Thursday, 29 September 2016

Burnley and London

On Tuesday Janet Dunbar and myself made the long hazardous journey into the North - beyond even Manchester. Our goal was Burnley where there is a Museum of looms and a steam engine to run them which was in full howling when we arrived.

It was very well looked after and everything that was brass was polished, everything else was painted and it gleamed. The museum seems to be entirely staffed by volunteers. All the ones I spoke to were ex-mill hands. Of course there are only one or two mills left. This one is exactly as abandoned in the 1980s. The steam engine originally drove all the looms in the weaving shed  but now only drives a few at a time.

There are 14 looms to a row and between 20 and 24 rows - so 280 or more in the room. The noise was awful. The looms are driven by leather belts going up to the ceiling where they are attached to a rod running the length of the weaving shed. That rod is driven by the steam engine. The rest of the mill was taken up with machinery to help with speeding up the preparation for weaving. A creel and a device for winding through a reed onto a warp beam was used to prepare the warp which was then taken to a machine which tied the new warp on the old one automatically. At this point we were flummoxed as to how this operated and I went in search of a volunteer who turned out to be a mine of information. He had been a mill hand for over 50 years! And had ended up as an expert knotter. The first question he asked was why are you interested so we explained we were weavers and that I often tied warps on but did it by hand and got the answer And do you use a silk knot or a dog knot. The answer was (when he had told me what they were) I used something in between. Well he was not having that so we were taught how to make a silk knot. And taught to make heddles which was wonderful. Quite the most useful technique I have learnt for a long time. He could see I was taken with this so he insisted I practise. I can do it now!!!!

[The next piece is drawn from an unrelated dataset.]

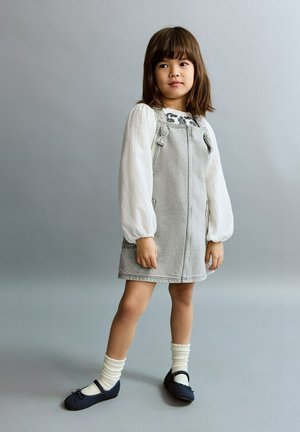 Jeune fille aux cheveux bruns portant un chemisier blanc à manches longues, une robe grise, des chaussettes blanches et des chaussures bleu marine, debout devant un fond gris.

There was lots more to see

Dusty, rusty reeds and shafts full of heddles hung from the ceiling.

Today (Thursday) we went to London to see two exhibitions. The first was Abstract Expressionism which means Jackson Pollock and the like. I had trouble with this exhibition. I could take the Jackson Pollock but, for 90% of the rest, I was trying to turn the painting into images - and failing. My problem is that I do not know what I am looking at. Dorothy had no problems.

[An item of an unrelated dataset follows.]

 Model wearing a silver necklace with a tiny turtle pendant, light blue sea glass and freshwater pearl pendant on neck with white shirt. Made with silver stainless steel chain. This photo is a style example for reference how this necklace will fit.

Then we went to the Victoria and Albert  and I went the Ove Arup Engineering exhibition. It was good but very small and covered only 5 or 6 of his projects. All in all a disappointing day.

Sunday, 25 September 2016

The Makar's Lament

I have been suffering from not doing any bookbinding lately so decided to finish off a project. This is William Dunbar's poem The Lament of the Makars (Makars = Poets).

The whole book

and two sample pages. Not well photographed. At Malvern I had a place outside where I could take photographs but not here. I must look around and see if I can organise something.

Yesterday was a weaving day and we discussed courses that might be run. I wound a warp of the self and space dyed merino which is now ready to tie on. This will be the last one from this yarn.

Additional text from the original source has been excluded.